EDITORIALE – Sono trascorsi tredici anni dalla notte dell’orrore. Le 3.32, un’ora destinata ad entrare nella storia tragica dell’Abruzzo e dell’Italia intera. La distruzione, la ferita a morte inferta dalla natura al capoluogo. In un secondo L’Aquila bella nostra non era più. Oltre trecento i morti, tanto orrore, tanta sofferenza vissuta con esponenziale dignità dal popolo aquilano e da quanti ebbero ad essere colpiti dal terremoto.
Come noto la scossa principale fu preceduta da un lungo e preoccupante sciame sismico scaturito nel movimento delle 3.32. Vite spezzate.

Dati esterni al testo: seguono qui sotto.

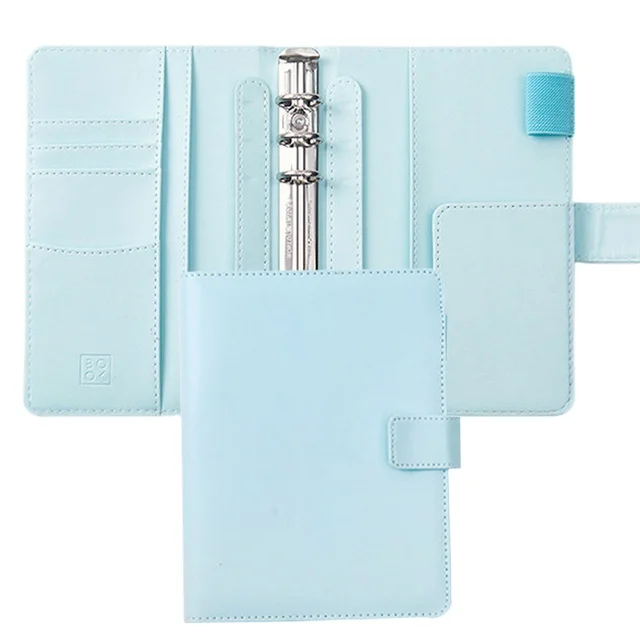 Professional PU Leather Note Book Portfolio 6 Ring Binder A5 with Custom Logo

La casa dello studente. Le Chiese crollate. La Prefettura piegata su se stessa. Sgomento, incredulità, senso di impotenza avvolsero da quella notte in poi tante altre notti. Un dolore sordo, che ancora non passa, i segni sono ancora tutti lì a distanza di tanto tempo, un timido segnale di ripresa arriva da un centro storico dilaniato e spogliato della sua identità e del suo patrimonio architettonico, culturale, storico.
Tante cose sono state fatte, tante altre ancora sono da fare. Gente che ha dovuto lasciare il proprio quartiere, la propria casa e adattarsi in moduli comunque garantiti in tempi record per la gravità di quella emergenza.
Ma alla violenza della natura si aggiunse la violenza dell’uomo, nelle sue speculazioni. Il ricordo è di chi rideva dentro al letto, e da quanti hanno tratto fortuna illecitamente da una simile disgrazia.
All’Aquila bella mè, L’Aquila bella nostra.